Last Updated on May 7, 2015, by eNotes Editorial. Word Count: 323
Written, Peter Pears explains in his preface, during the last years of her life, most of the poems [in Sylvia Townsend Warner's Twelve Poems] are concerned with old age and death. They range from a defiant monologue delivered from the floor by Queen Elizabeth as she lies dying ("like a race of trees" her people "sway, sigh, nod heads, rustle" above her) to four lines of dry epigrammatic comment on the difference between first and second childhood.
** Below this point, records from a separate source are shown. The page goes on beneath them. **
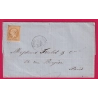 N°21 PARIS ETOILE 22 R DU HELDER POUR PARIS LETTRE COVER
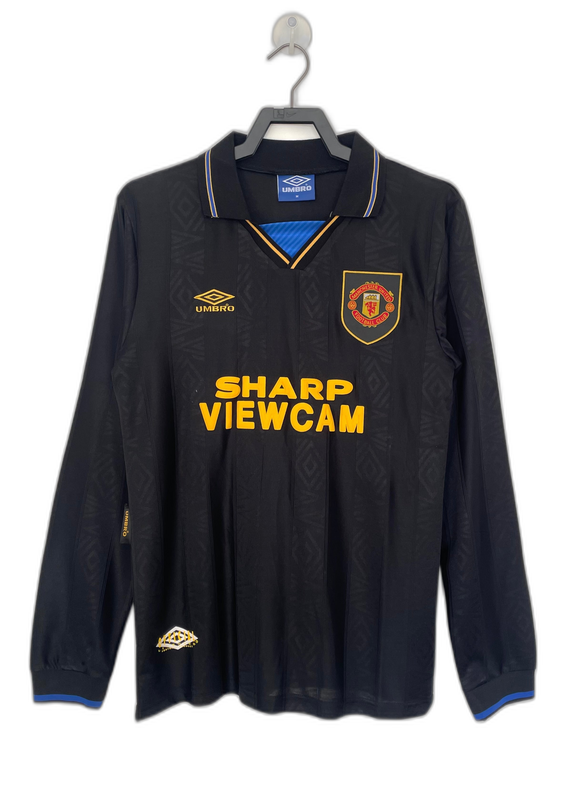 Retro Jersey Manchester United 1993/94 Long Sleeve Black
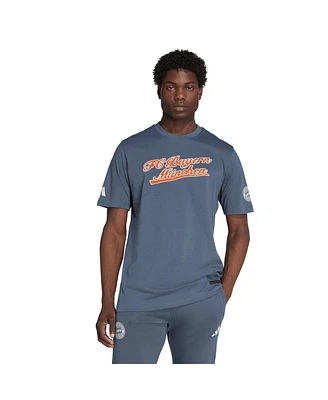 Adidas Men's Anthracite Bayern Munich Us Pack T-Shirt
Several of the poems return to subjects dealt with in her first collection The Espalier published in 1925. In "Country Churchyard", for instance, she had imagined the dead scrambling out of their graves and dancing promiscuously because "if a maidenhead / Or marriage vow, / Doesn't tally exactly with who's under which blanket, / 'Twon't matter now". It is a vision that could have come straight from one of Stanley Spencer's Cookham churchyard resurrections. "Graveyard in Norfolk" from Twelve Poems, presents a peaceful and reassuring contrast. The widows who come with their children to lay flowers on the graves find their time passes so tranquilly that they have an intimation of a place where there is "no Monday rising from warm bed … no sweeping or polishing": a sort of "heavenly park"….
"A Journey By Night" reveals a more disturbing glimpse of the everafter; "a wilderness where each successive horizon / Was another sand-dune"….
The most moving poem of the twelve, "Azrael", describes with equal clarity the approach of the poet's own death. It is as if she has been taken over by a spirit. She calls him first Sorrow, then Habit, and finally Azrael. He performs her daily tasks ("waters the geraniums on the windowledge" and "winds the trudging clock"), controls her movements ("impels my hither and thither") but also seems to care for her….
Vicki Feaver, "Fetched from the Dark," in The Times Literary Supplement (© Times Newspapers Ltd. (London) 1980; reproduced from The Times Literary Supplement by permission), No. 4026, May 23, 1980, p. 586.
Last Updated on May 7, 2015, by eNotes Editorial. Word Count: 119
[Twelve Poems] is more in the nature of a pendant to [Sylvia Townsend Warner's] work and a memorial to her talent than of very great importance in a literary sense. The twelve short poems show an honest and admirable character, bearing the heavy weight of history and rural tradition, old age and the approach of death. Assonance and rhyme are used…. Some poems are epigrammatic, some are like Hardy ('Dorset Endearments'). The best is 'Graveyard in Norfolk', which is entirely in her own voice, using a complicated rhyming stanza. But 'Earl Cassillis's Lady' and 'December 31st St. Silvester' are also well written and satisfying.
Gavin Ewart, "English Poetry: 'Twelve Poems'," in British Book News (© The British Council, 1980), June, 1980, p. 371.